Task to carry out: Write out exactly the lines of the entries below from the one holding "Peterboro Basket Company" to the one holding "Седан Mercedes-Benz E-Class 2015 в", inclusive, and leave out all other lines.

Exercise material:
##########

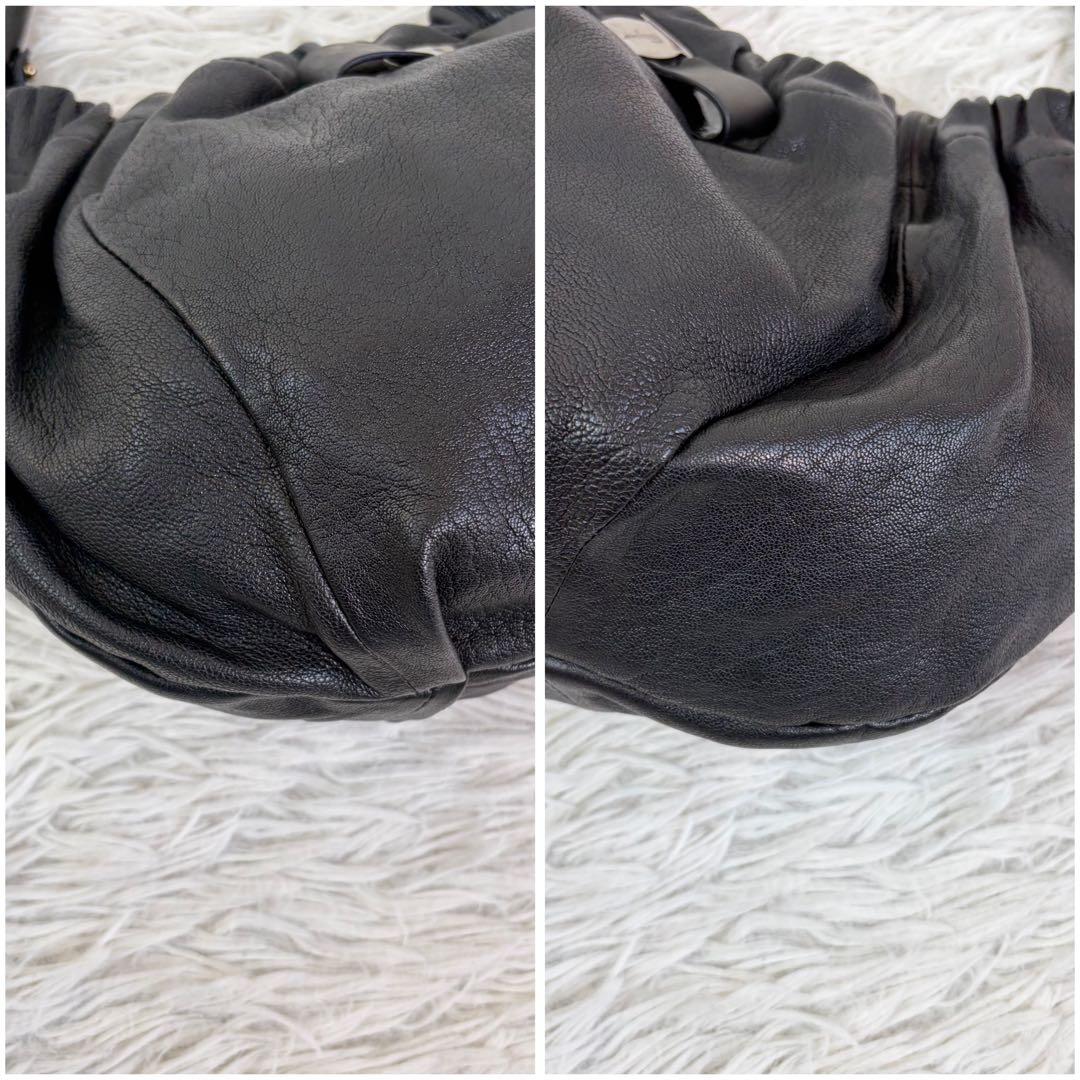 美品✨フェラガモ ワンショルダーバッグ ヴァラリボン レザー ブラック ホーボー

##########

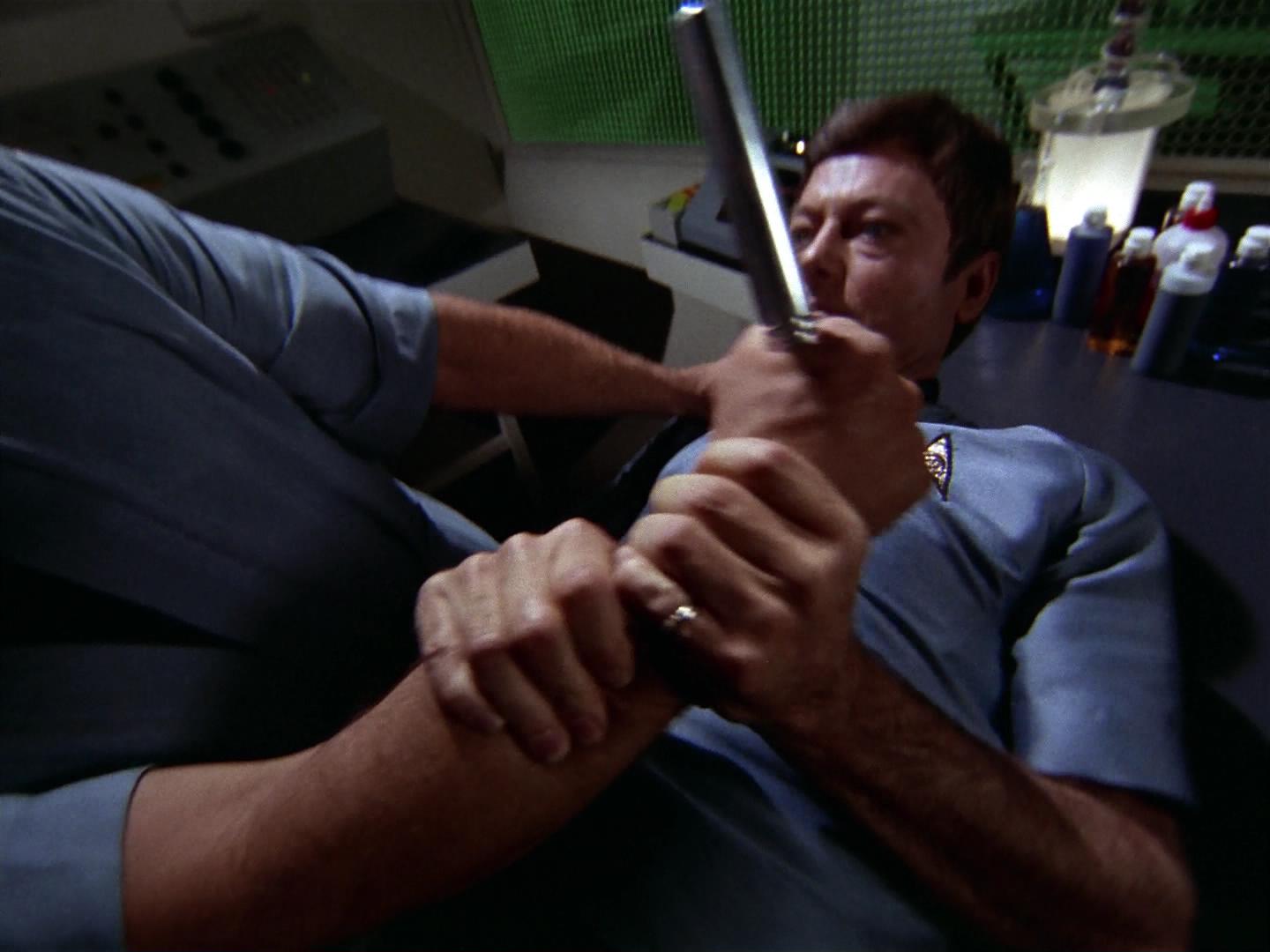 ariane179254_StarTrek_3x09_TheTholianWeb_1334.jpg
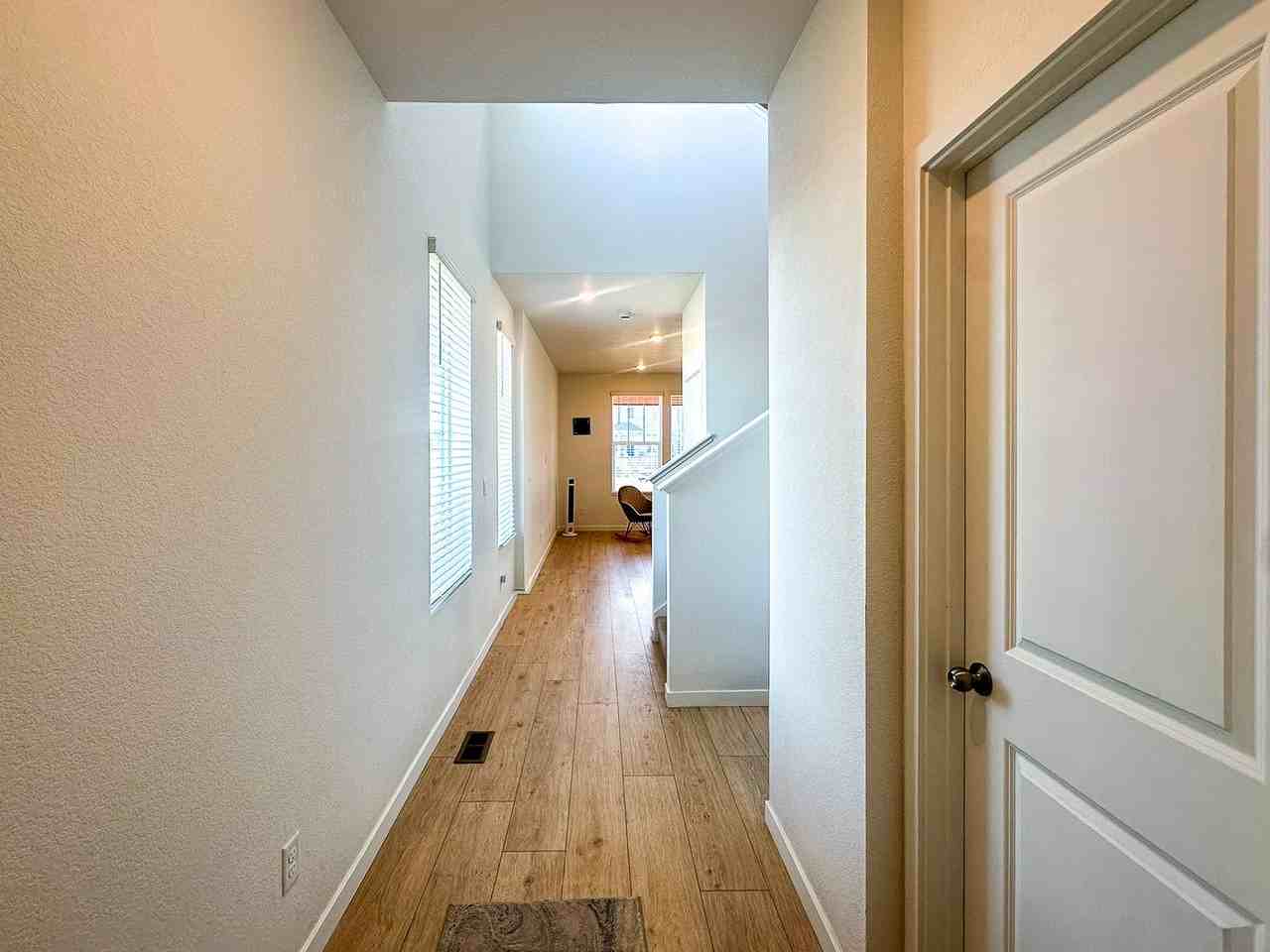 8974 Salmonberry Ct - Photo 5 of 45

##########

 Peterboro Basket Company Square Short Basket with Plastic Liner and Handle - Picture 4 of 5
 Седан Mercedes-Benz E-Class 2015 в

##########

Exercise answer:
 Peterboro Basket Company Square Short Basket with Plastic Liner and Handle - Picture 4 of 5
 Седан Mercedes-Benz E-Class 2015 в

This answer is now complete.